Daily News and Analysis (DNA), the Mumbai-based broadsheet newspaper, said on 9 October that it will be shutting down the Mumbai and Ahmedabad print editions. The announcement about the shutting down of the two print editions was made by the editor of DNA in a note published on the front page of the newspaper.
The newspaper was launched in 2005 and is published in English. In February this year, the Zee Media Group-owned daily closed down the Delhi edition, which was launched in 2016. Following the closure of the Delhi edition, the newspaper’s Jaipur edition too was shut down in the same month. DNA’s Pune and Bengaluru print editions were shut in 2014. With this the newspaper has turned fully digital.
“We write this to seek your support and continued readership as we are advancing in to a new and challenging phase. DNA is turning digital. Over these past few months, DNA has grown multifolds in the digital space,” the editor of the newspaper said in the note.
“We thank each one of you for the print readership over the past 14 years. The print publication for Mumbai and Ahmedabad will be ceased effective 10 October 2019, Thursday till further notice,” the editor said.
To strengthen its presence in the digital space, DNA said it will be soon launching a mobile application with more focus on video-based original content.

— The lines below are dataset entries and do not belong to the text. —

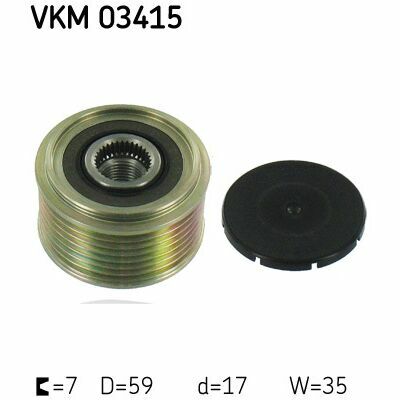 VKM 03415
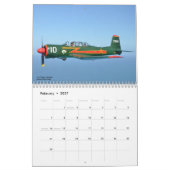 2015 Yak - CJ Kalender (Feb 2027)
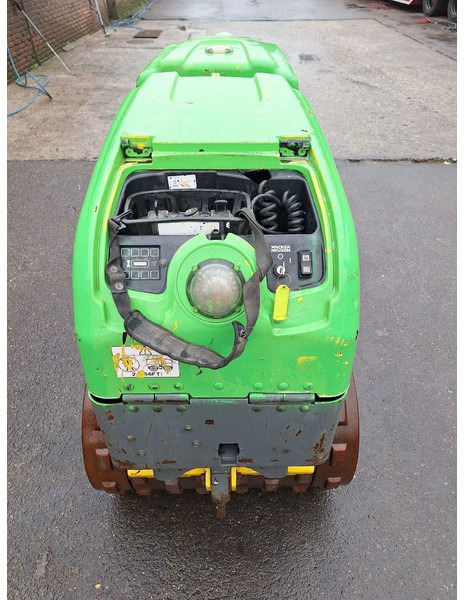 WACKER NEUSON RT 82 SC-2 - Valjak: slika 4 WACKER NEUSON RT 82 SC-2 - Valjak: slika 4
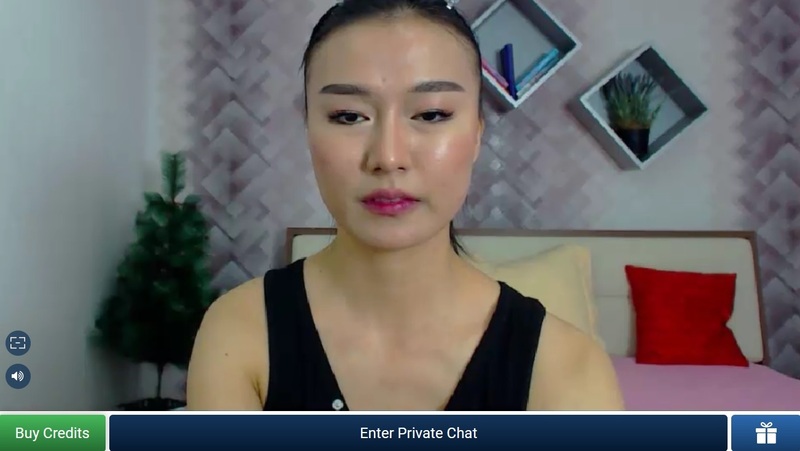ImLive - Chat with Asian cam girls at price you can afford
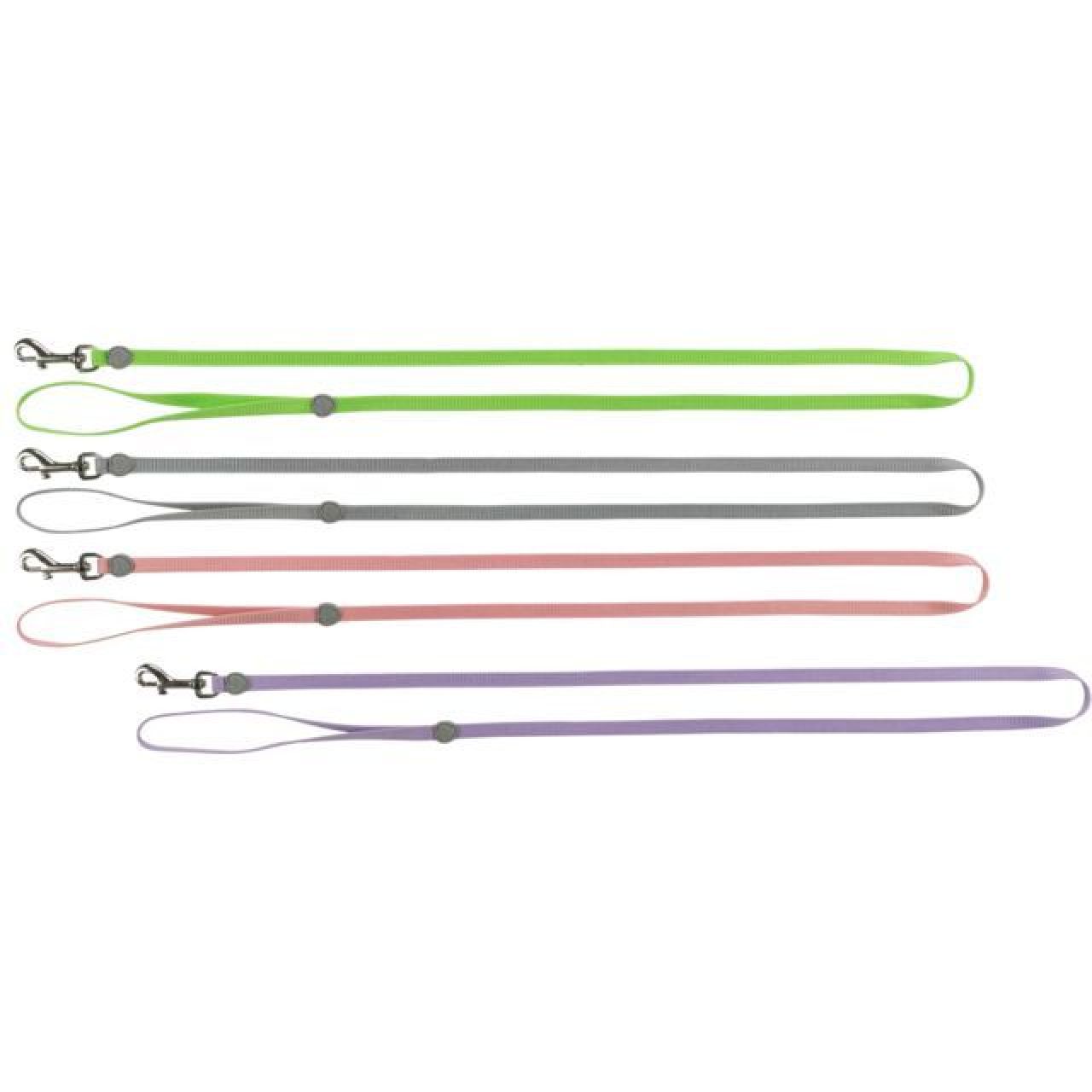 Trixie oprsnica i vodilica za mačke, 26-37 cm 120 cm - razne boje -> ZELENA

“In this rapidly evolving market, a very thin line remains between print and digital. There’s duplicity in print and digital readership and the trend shows that our readers, especially the younger audience, prefer reading us on their mobile phone than in print,” the editor said.
The news of shutting down of the DNA’s Mumbai print edition comes just a few months after the closer of the iconic Mumbai tabloid, The Afternoon Despatch and Courier, which was started in 1985 by Behram Contractor, also known as Busybee. This newspaper, which shut down in June this year, served as a launch pad for several well-known journalists in India.
Commenting on the news of closure of the Mumbai and Ahmedabad print editions, Paritosh Joshi of Provocateur Advisory, an independent media and communications consultancy practice, says that this points to a sad trend and is another nail in the coffin of the Indian news media industry.
“There is a completeness that a well-edited newspaper delivers as it covers a wide variety of subjects and topics. When a newspaper goes digital, there is a danger that it may lose that character,” Joshi argues.
However, he says that physical newspapers will continue to thrive in India. “The optimist in me believes that the projected demise of newspapers is a bit of an exaggeration. However, newspapers will need to create a product that will appeal to the younger audience,” he says.